Based on the central limit theorem we have: \[\hat{\pi}\approx N \left (\pi,\sqrt{\frac{\pi(1-\pi)}{n}} \right)\] if \(n\hat{\pi}\) and \(n(1-\hat{\pi})\) both are at least \(15\).
To construct a confidence interval with (approximate) confidence level \(1-\alpha\):
1. Find the socalled critical value \(z_{crit}\) for which the upper tail probability in the standard normal distribution is \(\alpha/2\).
2. Calculate \(se=\sqrt{\frac{\hat{\pi}(1-\hat{\pi})}{n}}\)
3. Then \(\hat{\pi}\pm z_{crit}\times se\) is a confidence interval with confidence level \(1-\alpha\).

Example: Chile data

Compute for the Chile data set the 99% and 95%-confidence intervals for the probability that a person is female:

For a \(99\%\)-confidence level we have \(\alpha=1\%\) and
1. \(z_{crit}\)=qdist("norm", 1 - 0.01/2)=2.576.
2. We know that \(\hat{\pi}=0.5107\) and \(n=2700\), so \(se = \sqrt{\frac{\hat{\pi}(1-\hat{\pi})}{n}} = 0.0096\).
3. Thereby, a 99%-confidence interval is: \(\hat{\pi}\pm z_{crit}\times se=(0.4859, 0.5355)\).
For a \(95\%\)-confidence level we have \(\alpha=5\%\) and
1. \(z_{crit}\)=qdist("norm", 1 - 0.05/2)=1.96.
2. Again, \(\hat{\pi}=0.5107\) and \(n=2700\) and so \(se=0.0096\).
3. Thereby, we find as 95%-confidence interval \(\hat{\pi}\pm z_{crit}\times se=(0.4918, 0.5295)\) (as the result of prop.test).
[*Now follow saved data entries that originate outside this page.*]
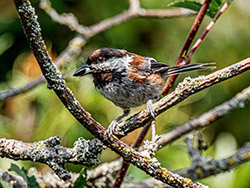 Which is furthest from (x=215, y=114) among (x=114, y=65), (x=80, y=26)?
(x=80, y=26)

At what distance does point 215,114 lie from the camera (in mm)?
2570

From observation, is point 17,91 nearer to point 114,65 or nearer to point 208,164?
point 114,65

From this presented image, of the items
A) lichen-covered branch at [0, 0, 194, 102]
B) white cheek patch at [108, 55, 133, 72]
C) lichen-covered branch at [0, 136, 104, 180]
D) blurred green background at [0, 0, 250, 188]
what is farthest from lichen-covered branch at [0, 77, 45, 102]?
lichen-covered branch at [0, 136, 104, 180]

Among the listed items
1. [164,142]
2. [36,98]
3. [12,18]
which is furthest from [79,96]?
[12,18]

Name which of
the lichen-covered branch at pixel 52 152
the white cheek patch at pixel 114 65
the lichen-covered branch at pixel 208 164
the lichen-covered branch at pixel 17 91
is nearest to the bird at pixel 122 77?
the white cheek patch at pixel 114 65

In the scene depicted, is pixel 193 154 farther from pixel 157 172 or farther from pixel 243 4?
pixel 243 4

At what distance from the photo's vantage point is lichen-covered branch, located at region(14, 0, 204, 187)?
52.4 inches

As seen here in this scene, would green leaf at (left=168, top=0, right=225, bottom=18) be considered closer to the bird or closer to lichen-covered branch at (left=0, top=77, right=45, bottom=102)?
the bird

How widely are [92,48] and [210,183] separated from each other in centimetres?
189

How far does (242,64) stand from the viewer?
1723 millimetres

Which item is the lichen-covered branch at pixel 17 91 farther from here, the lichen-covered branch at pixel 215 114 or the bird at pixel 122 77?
the lichen-covered branch at pixel 215 114

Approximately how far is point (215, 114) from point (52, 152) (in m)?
1.34

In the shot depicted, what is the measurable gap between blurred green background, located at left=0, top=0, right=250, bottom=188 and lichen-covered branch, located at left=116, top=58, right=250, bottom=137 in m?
0.72

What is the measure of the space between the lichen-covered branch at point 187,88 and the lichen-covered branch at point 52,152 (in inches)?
7.9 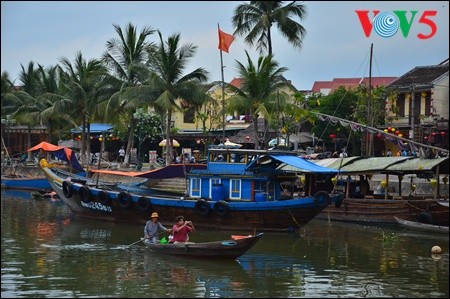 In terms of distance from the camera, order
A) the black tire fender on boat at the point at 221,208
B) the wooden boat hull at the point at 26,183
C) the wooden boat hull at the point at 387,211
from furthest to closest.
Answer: the wooden boat hull at the point at 26,183 < the wooden boat hull at the point at 387,211 < the black tire fender on boat at the point at 221,208

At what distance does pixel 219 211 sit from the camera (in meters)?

Confidence Interval for mean - normally distributed sample

When it is reasonable to assume that the population distribution is normal we have the exact result \[ \bar{y}\sim \texttt{norm}(\mu,\frac{\sigma}{\sqrt{n}}), \] i.e. \(\bar{y}\pm z_{crit}\times \frac{\sigma}{\sqrt{n}}\) is not only an approximate but rather an exact confidence interval for the population mean, \(\mu\).
In practice we do not know \(\sigma\) and instead we are forced to apply the sample standard deviation \(s\) to find the estimated standard error \(se=\frac{s}{\sqrt{n}}.\)
This extra uncertainty, however, implies that an exact confidence interval for the population mean \(\mu\) cannot be constructed using the \(z\)-score.
Luckily, an exact interval can still be constructed by using the so-called \(t\)-score, which apart from the confidence level depends on the degrees of freedom, which are \(df = n-1\). That is the confidence interval now takes the form \[ \bar{y}\pm t_{crit}\times se. \]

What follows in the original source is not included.